Además, su vida útil alcanza el millón de kilómetros, con una degradación mínima del 9% tras los primeros 200.000 km. Esto supone un salto cualitativo frente a las baterías tradicionales, que sufren mayores pérdidas de rendimiento.
Eficiencia energética

Otro frente en el que China está marcando la diferencia es la velocidad de carga. La batería Star Chaser 2.0 de SEVB permite alcanzar 150 km de autonomía con solo un minuto de carga, y hasta 450 km en cinco minutos.
Esta tecnología, basada en una arquitectura de celdas de alta densidad y refrigeración multicapa, iguala el tiempo de repostaje de un coche de combustión.

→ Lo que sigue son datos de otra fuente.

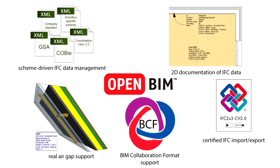ARCHICAD has always stressed the importance of coordination between architects, engineers and consultants. ARCHICAD 18 delivers several IFC-related improvements, including scheme-driven data management and high-quality certified export processes. Here we will introduce another major feature of ARCHICAD 18 that is related to Open BIM.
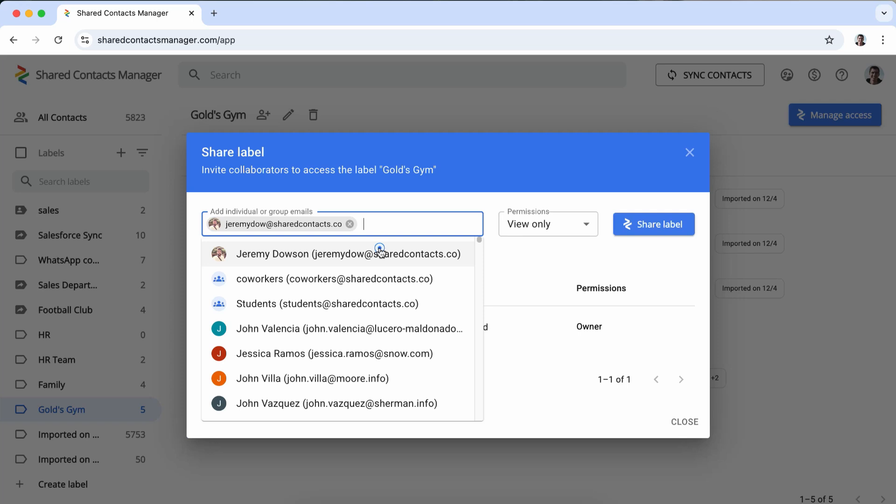Here enter the email addresses of the people you want to share it with. This can include users within your Google Workspace domain or even external collaborators like vendors, clients, or whoever your business may work with.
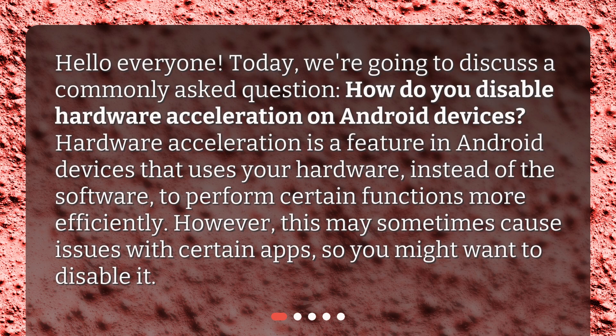Hello everyone! Today, we're going to discuss a commonly asked question: how do you disable hardware acceleration on Android devices? Hardware acceleration is a feature in Android devices that uses your hardware, instead of the software, to perform certain functions more efficiently. However, this may sometimes cause issues with certain apps, so you might want to disable it.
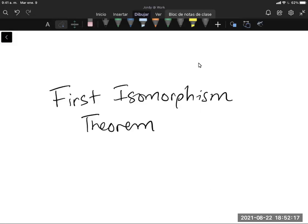Okay Jordy, I guess we're gonna have this presentation on the First Isomorphism Theorem — whatever that means at this point. Something that comes up usually in your first course in linear algebra, or possibly your first course in abstract algebra, modern algebra, whatever it ends up being called for you.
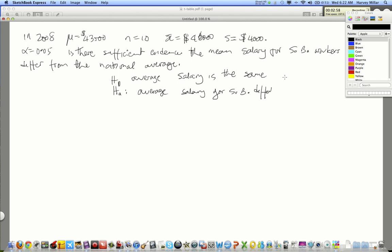If it's the same, it means that the mean for Starbucks workers would be $43,000. But if it differs, then it would not be equal to $43,000. So that's basically step one.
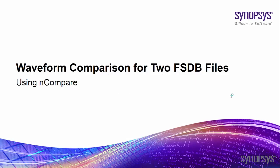Welcome to Verdi's training video program. In this section, I will introduce how to use the nCompare utility to compare different FSDB files.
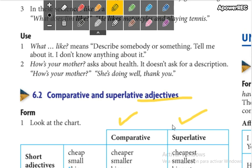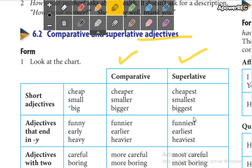Superlatives. ¿Cuándo usamos un superlative? ¿Cuándo queremos decir que algo es lo máximo de algún grupo? Por ejemplo, pueden decir: Jorgito es el más inteligente del salón. The superlative is lo máximo de un grupo.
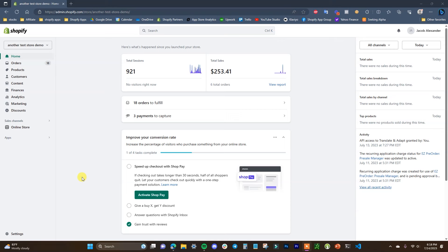What's up guys, this is Jake and in this video I'm going to be showing you how you can set up all of your shipping rates and settings inside of your Shopify store.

China también está apostando por tecnologías alternativas como las baterías de iones de sodio, que emplean materiales abundantes como la sal.
Aunque su densidad energética es menor que la del litio, ofrecen ventajas clave: menor coste, mayor seguridad térmica y una cadena de suministro menos vulnerable. Estas baterías están en fase de industrialización y podrían ser la solución para vehículos urbanos y de gama media.
CATL ya ha presentado su batería de sal Naxtra , que ha obtenido los certificados de seguridad y se prevé que empiece a comercializarse en primavera de 2026. Naxtra ofrece una autonomía de 500 kilómetros y una vida media de 10.000 ciclos de carga, aumentando su durabilidad.
Los recursos de materiales de China le dan una ventaja a la hora de desarrollar sus productos, además de un coste menor en su producción. Hay que tener en cuenta que el ecosistema local de software, semiconductores e inteligencia artificial alimenta una cadena de valor autosuficiente, con un 92% de componentes producidos internamente .
Y su demanda interna es otro punto a favor. Siete de cada 10 puntos de carga de todo el mundo están en China y lamitad de los coches que compran anualmente sus ciudadanos con eléctricos. Esto abre las puertas a la innovación, ya que las compañías tienen un mercado masivo donde probar sus productos.
Sin contar con una inversión en I+D respaldada económicamente por el estado, el hecho es que China se ha convertido en un auténtico laboratorio de la automoción que funciona a ritmos vertiginosos.
Algunas marcas europeas han pasado a manos de conglomerados chinos como Geely y SAIC, consolidando una colaboración industrial que va más allá de la propiedad. Esta alianza permite a los fabricantes europeos acceder a tecnología más ágil y competitiva, mientras que las marcas chinas, como BYD y Chery, instalan fábricas en Europa para esquivar los aranceles impuestos por Bruselas a los vehículos importados desde China.
El movimiento no solo reduce costes logísticos, sino que refuerza su presencia local: Leapmotor, por ejemplo, ha abierto más de 640 centros de servicio en Europa gracias a su alianza con Stellantis. Esta doble vía—cooperación tecnológica y producción local—está redefiniendo el mapa industrial del automóvil en Europa.